The National Communications Coordinator (commonly referred to as NCC), within higher education is one of the essential positions on a university Residence Hall Association's executive board. The NCC is the primary means of communication between their RHA and the National Association of College and University Residence Halls (NACURH). The NCC does this by maintaining the school's affiliation status, choosing delegations to go to conferences, serving as the RHA's vote in conferences (if an affiliated member), and relaying information and networking opportunities to the RHA from NACURH. The NCC could be part of the executive board or be a member of the RHA; this is dependent on the structure of the school's RHA, and the full duties of the NCC are also dependent on the structure of the school's RHA.
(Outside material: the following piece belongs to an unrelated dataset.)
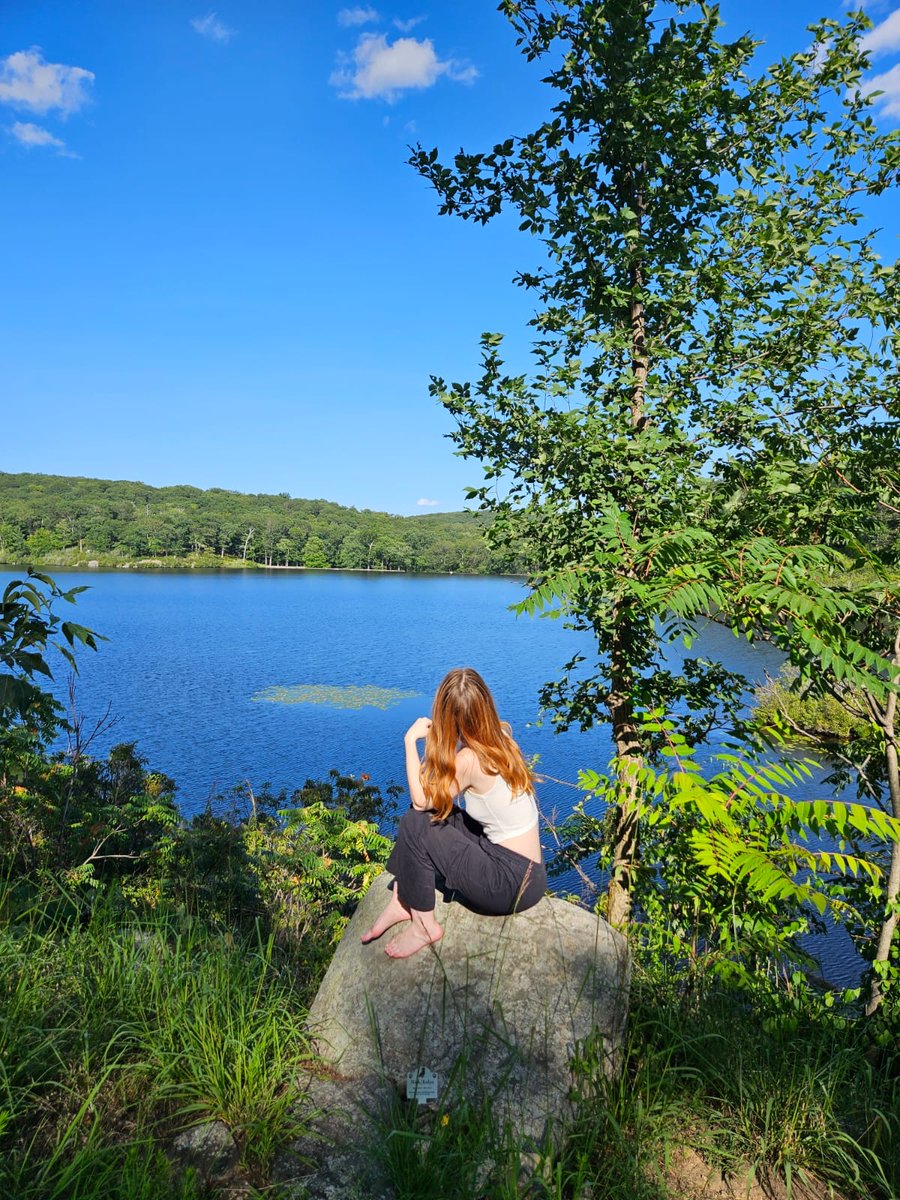 oh__erna's tweet image. Nature therapy: 100% effective, 0 side effects 🌿💭 works everytime lol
Some General Responsibilities Include:
- Serve as the liaison between RHA, NACURH and the regional affiliate
- Attend and vote at regional and national conferences, in particular, NCC Business Meetings or Regional/National Boardroom Meetings
- Serve as the delegation chair for conferences
- Coordinate all aspects of forming and sending a delegation to conferences including funding, spirit and other activities
- Relay information from other NACURH member schools to the RHA
- Prepare and submit all dues and reports as requested by NACURH and the regional affiliate, including monthly newsletters to regional institutions
- Coordinate the Of the Month process (nominations and selections) in conjunction with and/or in the absence of a National Residence Hall Honorary chapter
- Serve on committees and task forces within the region or NACURH, such as It's On Us, philanthropy, spirit, legislative, or other committees as created by the regional director or NACURH chair.
- Participate in monthly/quarterly/semesterly video conference chats with other NCCs and the coordinating officer of NCCs within their region's executive board

Dependent on the structure of their RHA, NCC's may:
- Be the vice-president or member of the executive board of the RHA
- Coordinate bids submitted on behalf of the school for regional or national awards
- Recruit for delegations or RHA
- Coordinate funding for RHA or delegations to conventions

The NCC is the voting member in NACURH for the RHA and works to impact the national organization
and its regional affiliate with items such as budgetary issues, legislation and voting on awards and other bids.

The NCC may be elected or hired according to their school's structure, commonly in one of the following ways:
- Elected or hired at the same time as other executive board members; typically this occurs mid-to-late spring semester
- Elected or hired in late fall or early spring semester separate from the other executive board; when this occurs, they are usually brought onto the executive board for a semester of training as the National Communications Coordinator - In Training, or NCC-IT, and attends the spring Regional Business Conference with the NCC, if affiliated with NACURH.